## [What to produce]
The answer must be an exact copy of every entry, with no pictures in it.

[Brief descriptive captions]
....
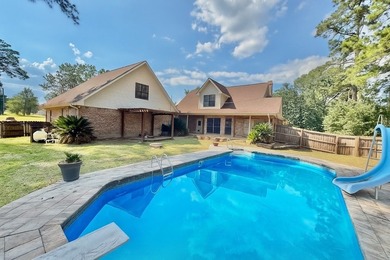 Stunning 3BR/2.5BA Two-Story Home in Hemphill, TX Prime Location - photo 3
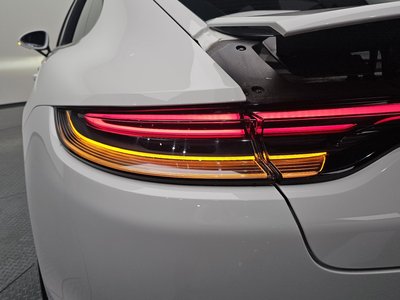 PORSCHE PANAMERA - 10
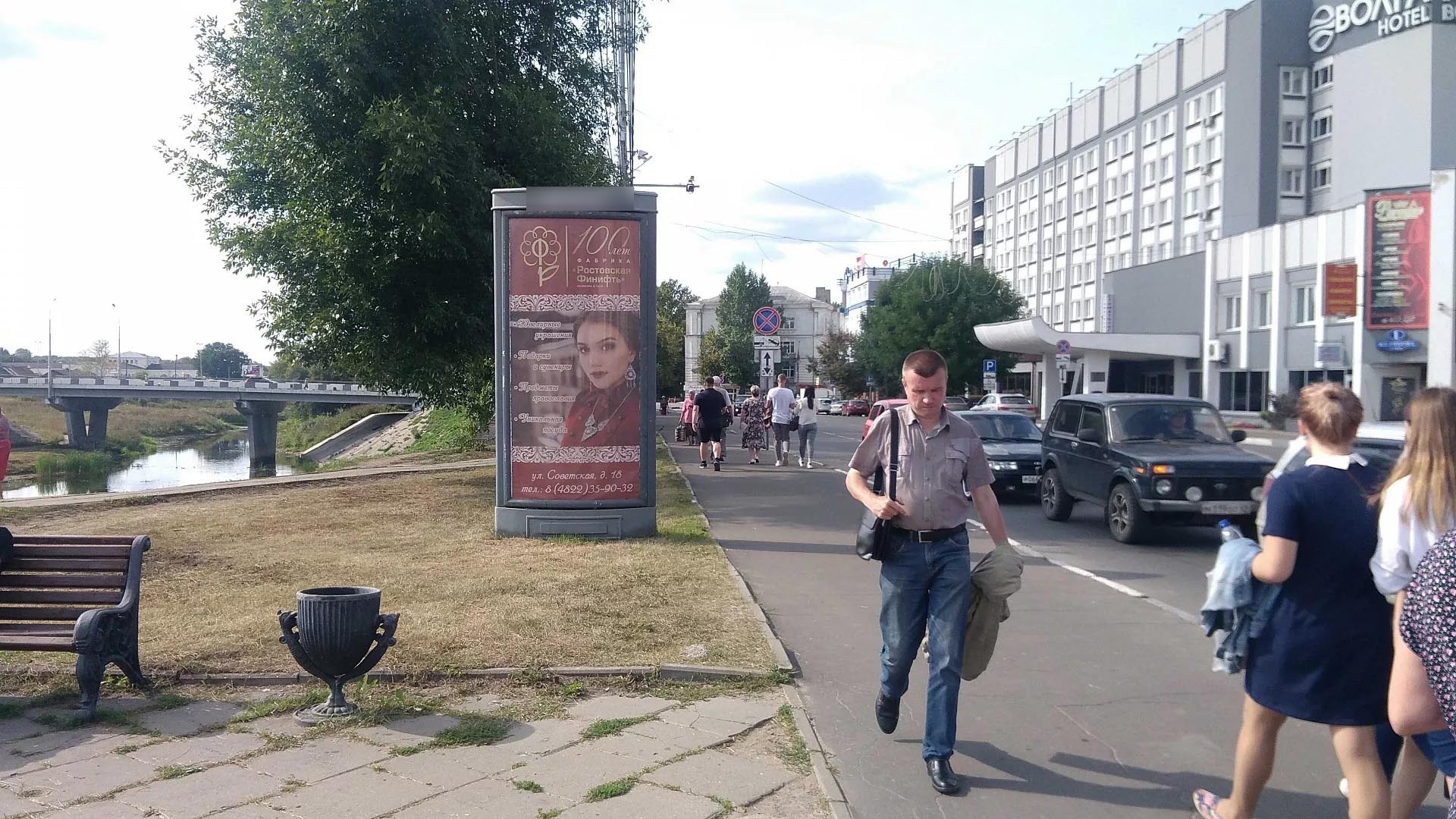 Фотография рекламного носителя, тип: Пиллар 3x1.4, адрес: Желябова ул., д.1а, Тверь, Тверская область, Россия. Сторона В №228108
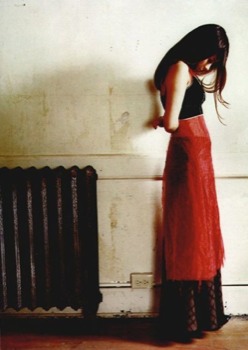 POSTER BRAIN - Womens Black And Red Dress - m1e6z6bps4yn6zp1.jpg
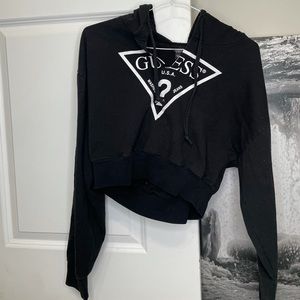 Cute black cropped hoodie from guess, worn once, Size Medium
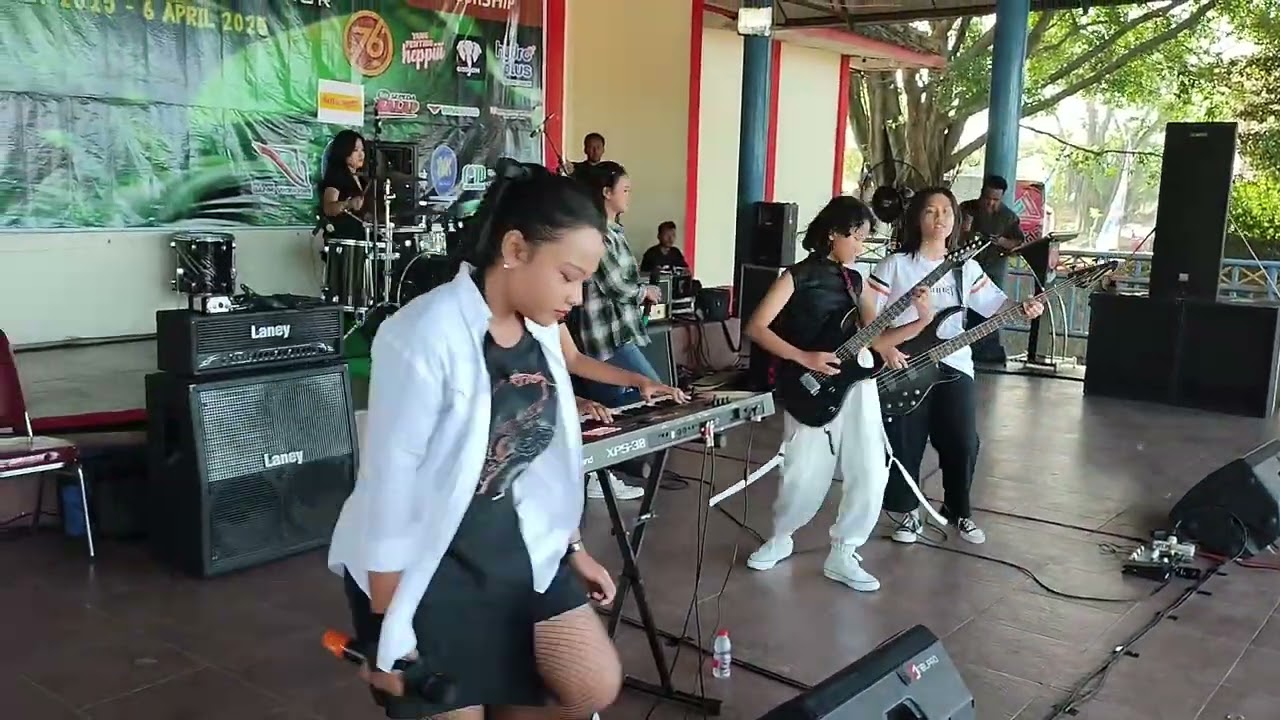 STARSHINE : Bis Kota - God Bless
....
## [Solution]
 Stunning 3BR/2.5BA Two-Story Home in Hemphill, TX Prime Location - photo 3
 PORSCHE PANAMERA - 10
 Фотография рекламного носителя, тип: Пиллар 3x1.4, адрес: Желябова ул., д.1а, Тверь, Тверская область, Россия. Сторона В №228108
 POSTER BRAIN - Womens Black And Red Dress - m1e6z6bps4yn6zp1.jpg
 Cute black cropped hoodie from guess, worn once, Size Medium
 STARSHINE : Bis Kota - God Bless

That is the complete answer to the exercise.